PRESCOTT, Ariz. — Arizona is grieving the loss of 19 firefighters who died fighting the 8,400-acre Yarnell Hill Fire in central Arizona. About 400 firefighters are working to contain the blaze.

All 19 killed were members of the Granite Mountain Hotshot Crew.

A sign outside the Prescott Fire Department reads, “they will never be forgotten.”

Crisis teams arrived in Prescott early Monday morning to console people who had lost their homes, and chaplains were also on hand to meet with the colleagues of the 19 firefighters who died.

People left memorials on the fence of Prescott Firehouse No. 7, the home of the hotshot crew. They arranged bottles of water and beer and American flags. They hung small handwritten noes and baseball caps of other fire departments from around the state on a chain link fence.

Dark clouds gathered overhead in the afternoon and it began to rain. It was a welcome respite from the fire that has burned more than 8,400 acres.

When resident Jim Kellman evacuated Sunday he couldn’t see anything but thick black smoke.

"It’s surreal. And being up here away from everything you don’t know what’s happening. You hear so many rumors. This burned or that burned. This person’s gone or that person’s gone," Kellman said.

No civilians have been injured or killed. Several hundred people have evacuated, and an estimated 200 homes have been burned.

Memorial
Michel Marizco
Memorial grows outside Prescott Firehouse No. 7, the home of the Granite Mountain Hotshots.

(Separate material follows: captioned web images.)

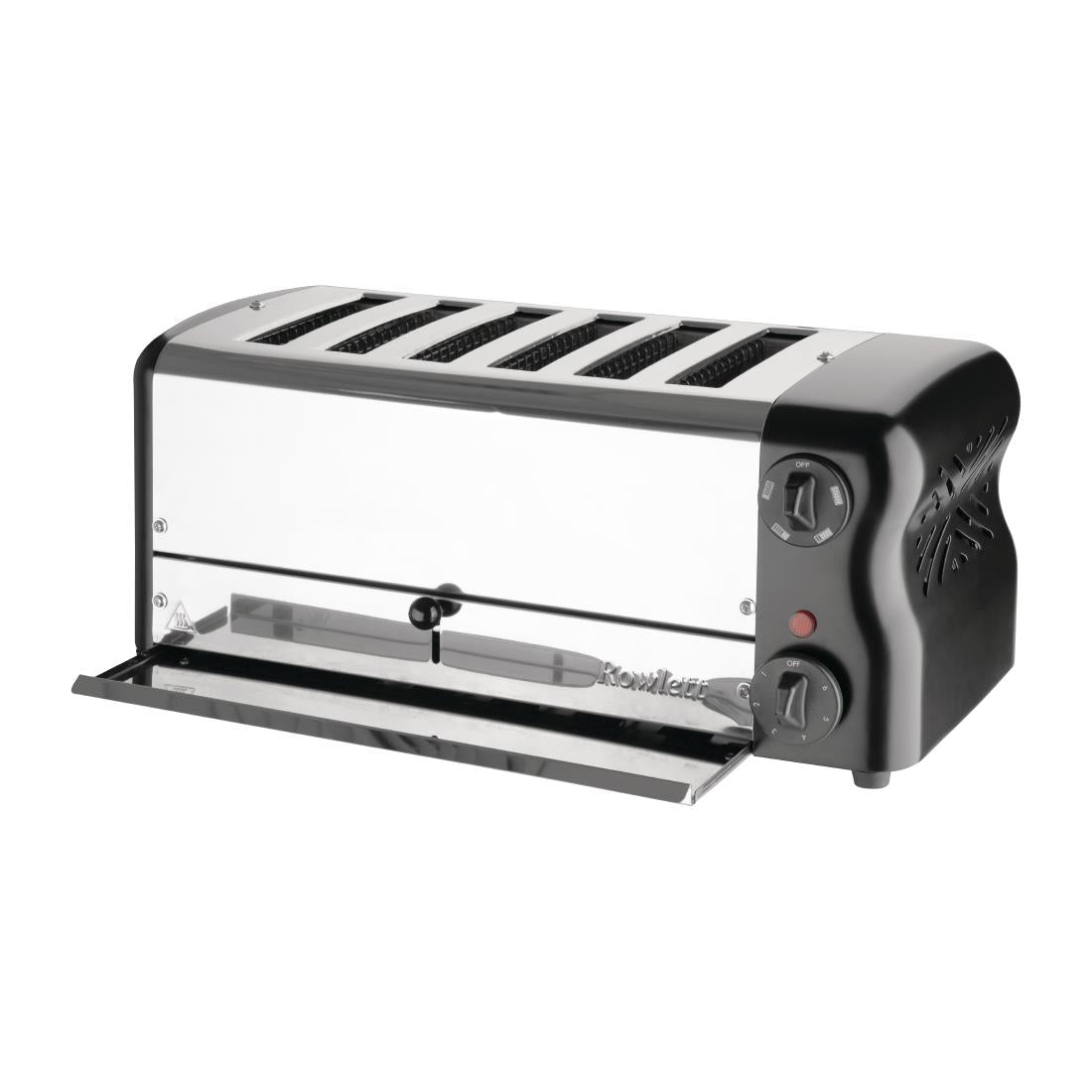 Rowlett Esprit 6 Slot Toaster Jet Black w/2x Additional Elements & Sandwich Cage • PAS-HW917-A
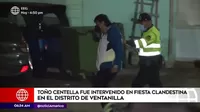 Ventanilla: Toño Centella fue intervenido en fiesta clandestina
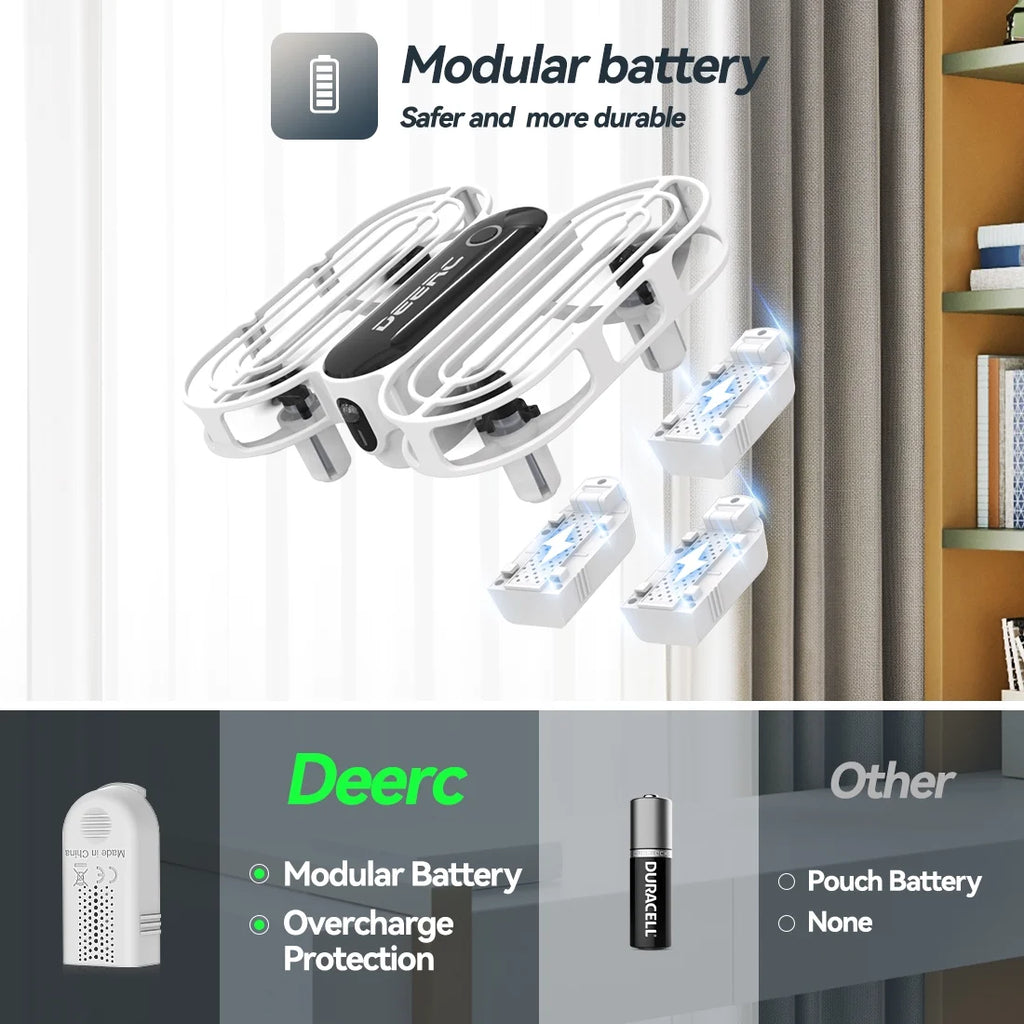 D11 Mini Drone for Kids and Beginners, RC Quadcopter Drone with Altitude Hold, Headless Mode, 3D Flips and Emergency Stop, 3 Batteries, Black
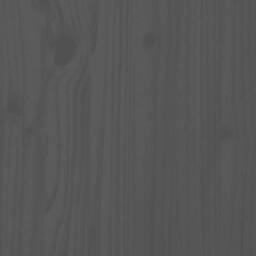 Berkfield Home Book Cabinet Grey 60x35x71 cm Solid Wood Pine - Size: 60 x 35 x 71 cm - thumbnail 7
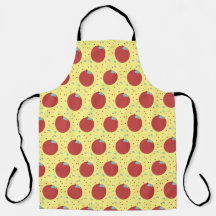 Modern Fruit Apple Pattern  Sweet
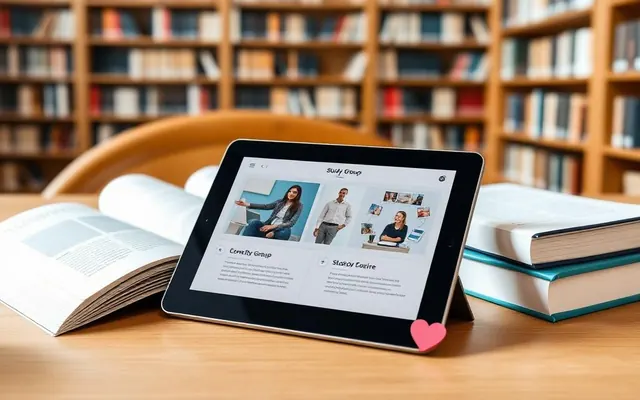Playbook cover: Study Group Coordination Tool — example app interface built with Lovable, Education and Training category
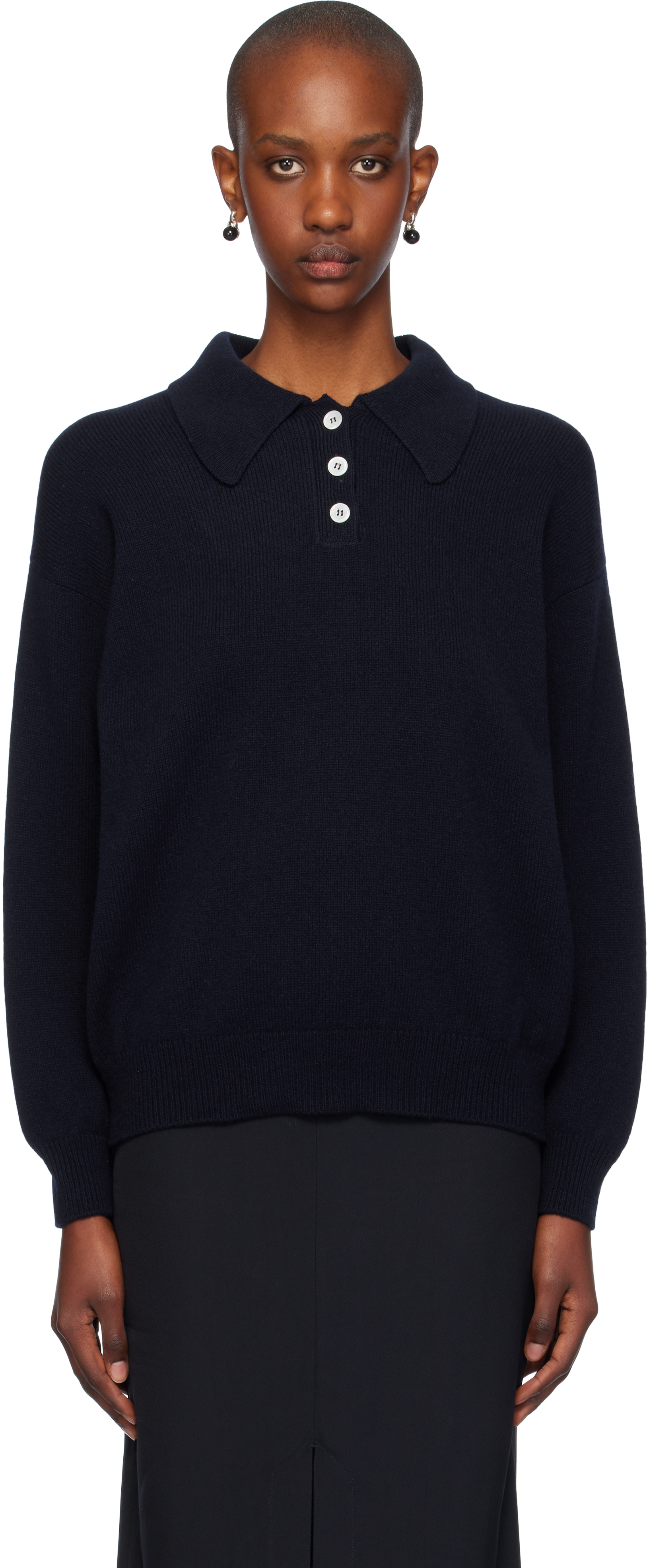 Shop And-daughter Navy Edith Polo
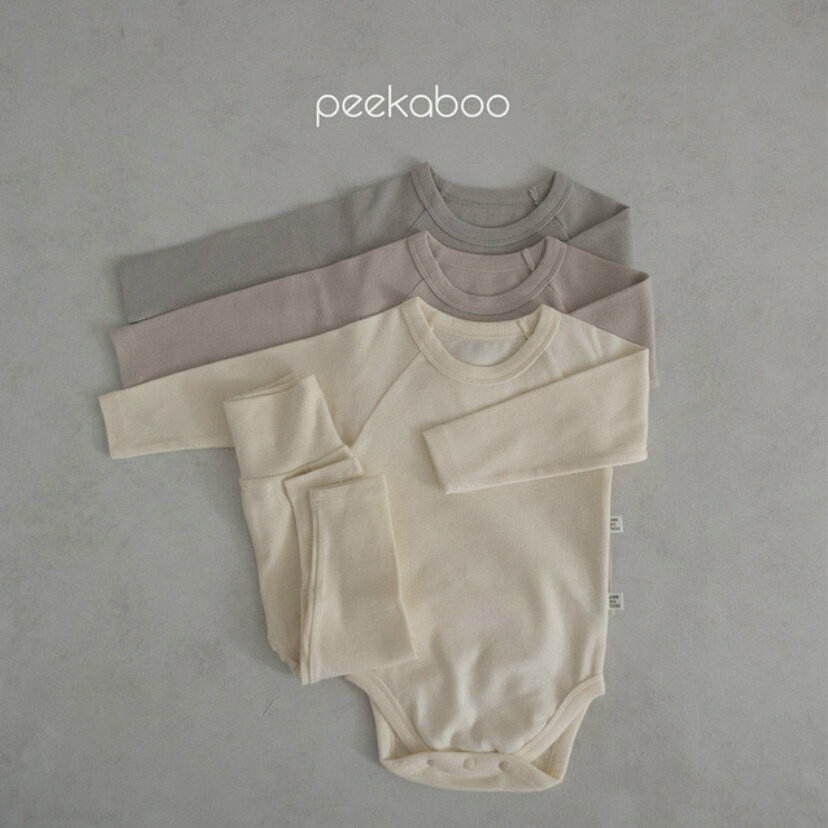 楽天Korea fabric【お取り寄せ：peekaboo-baby】Bunny suit set　ロンパースセット　レギンス　ベビーコーデ　ベビーフォト　出産祝いセット　韓国子供服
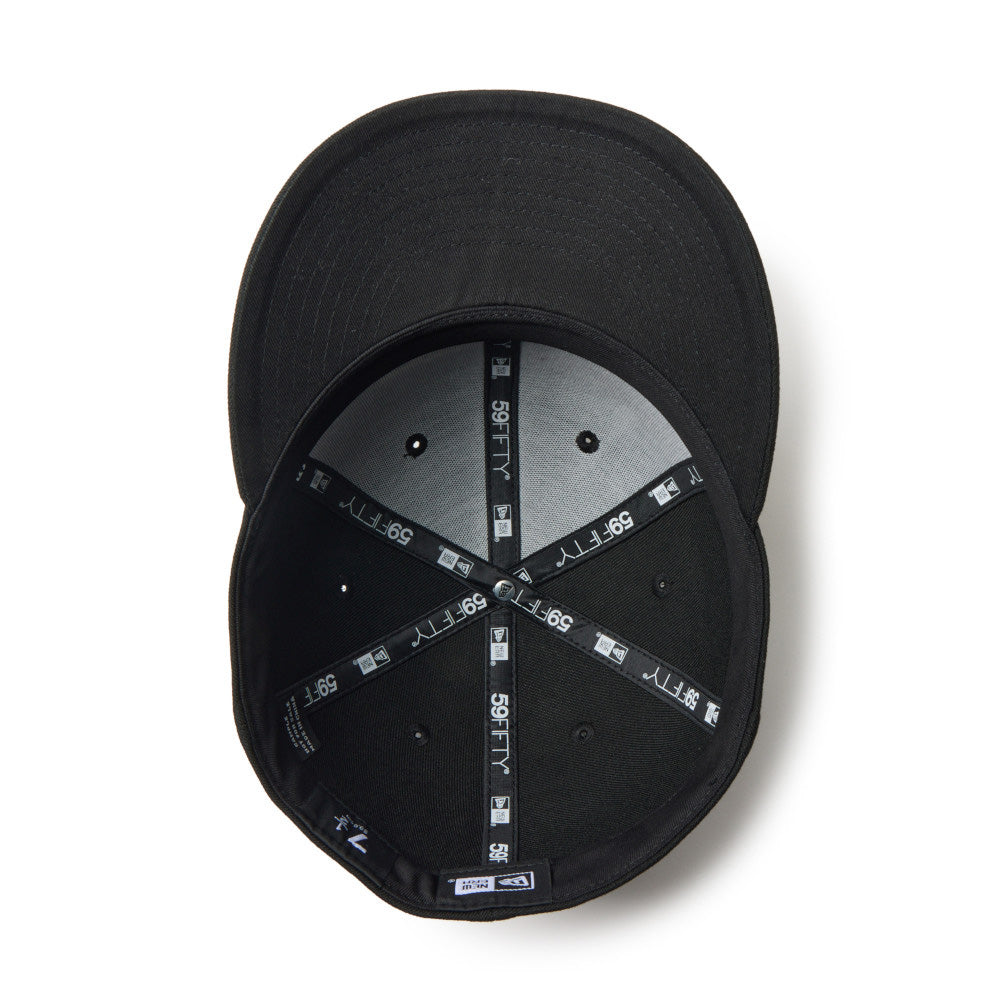 New Era Wordmark Logo Black 59FIFTY Fitted Cap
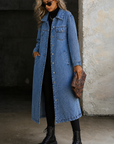 Maya | Stylish Long Denim Jacket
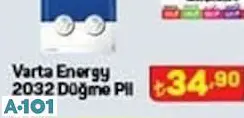 VARTA DÜĞME PİL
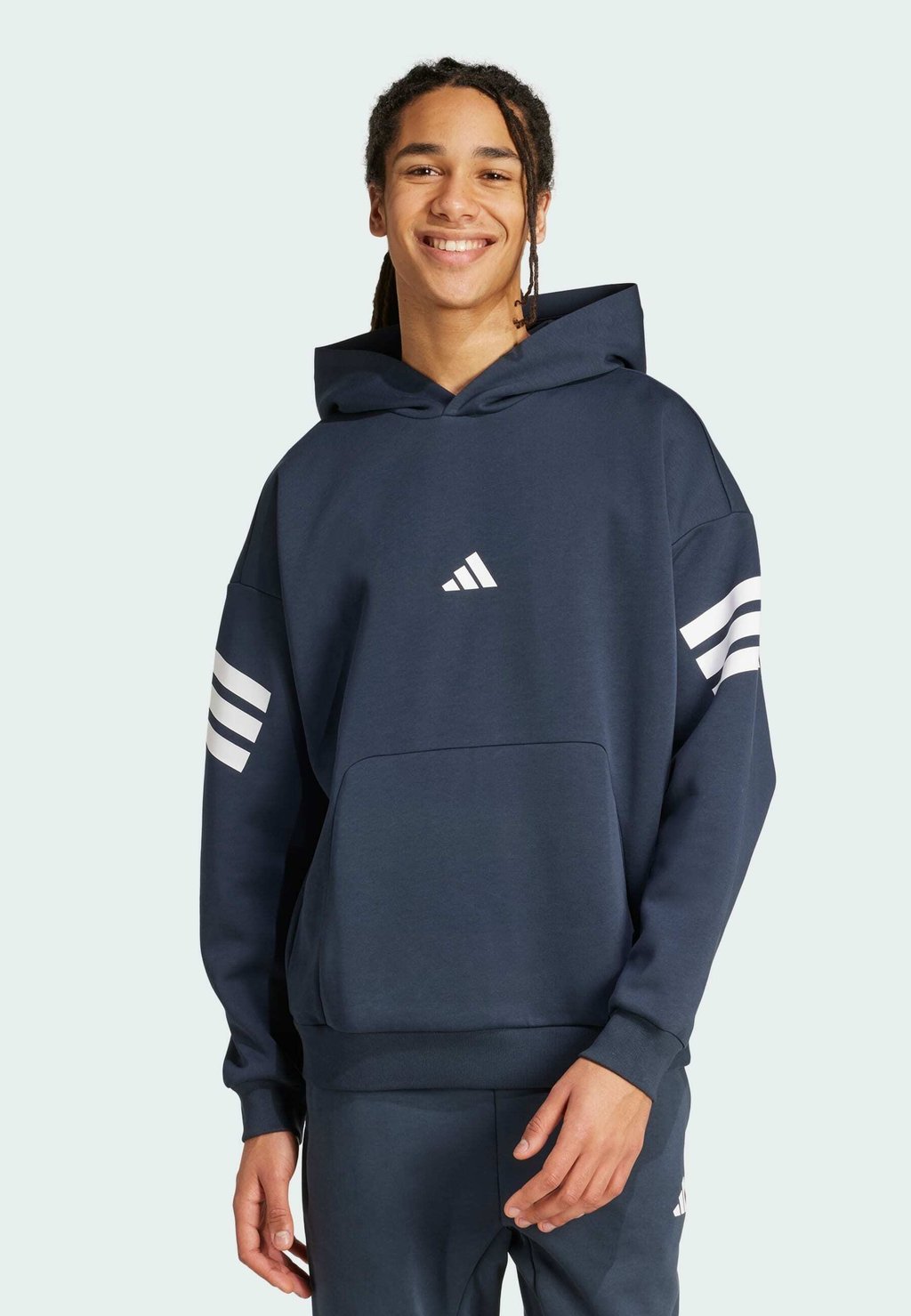 

Толстовка с капюшоном Adidas Sportswear, темно-синий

Kellman is waiting out the fire at the Red Cross shelter in Prescott. He doesn’t know when he’ll be allowed to go back.

Like the firefighters who were killed Sunday, Tom Carson was a hotshot 20 years ago. He brought his son to the memorial and stood watching the people who approached the growing shrine. He said many of them were his neighbors.

"For this to happen, and happen to our local crews, it's just a tragedy for our whole community," Carson said.

A mile down the road, an emergency evacuation shelter was set up at Yavapai Community College. Chaplain Don Lopeman arrived Monday from the Phoenix area to talk with people here. Mostly he came to listen.

"Sometimes they just need to talk," Lopeman said. "Rather than holding it in and letting the stress build up, they can just talk and get it out of their system. So we're there just to make it easier on them."

Arizona Secretary of State Ken Bennett said he knows some of the firefighters who died, including 29-year-old Andrew Ashcraft.

"My heart’s just breaking for the wife of Andrew, Juliann," Bennett said. "Some of my family saw her in church yesterday with their four little children. At the time she was commenting about how she was worried how she always is when Andrew goes out on these fires but that he always comes home. Seven or eight hours later we get a call that he didn’t come home. That’s pretty tough."

On Monday afternoon the City of Prescott released the names of the firefighters killed. They are: Andrew Ashcraft, 29; Robert Caldwell, 23; Travis Carter, 31;  Dustin Deford, 24;  Christopher MacKenzie, 30; Eric Marsh, 43, Grant McKee, 21, Sean Misner, 26, Scott Norris, 28, Wade Parker, 22; John Percin, 24; Anthony Rose, 23; Jesse Steed, 36; Joe Thurston, 32; Travis Turbyfill, 27; William Warneke, 25; Clayton Whitted, 28; Kevin Woyjeck, 21; and Garret Zuppiger, 27.

Updated 7/1/2013 at 5:09 p.m.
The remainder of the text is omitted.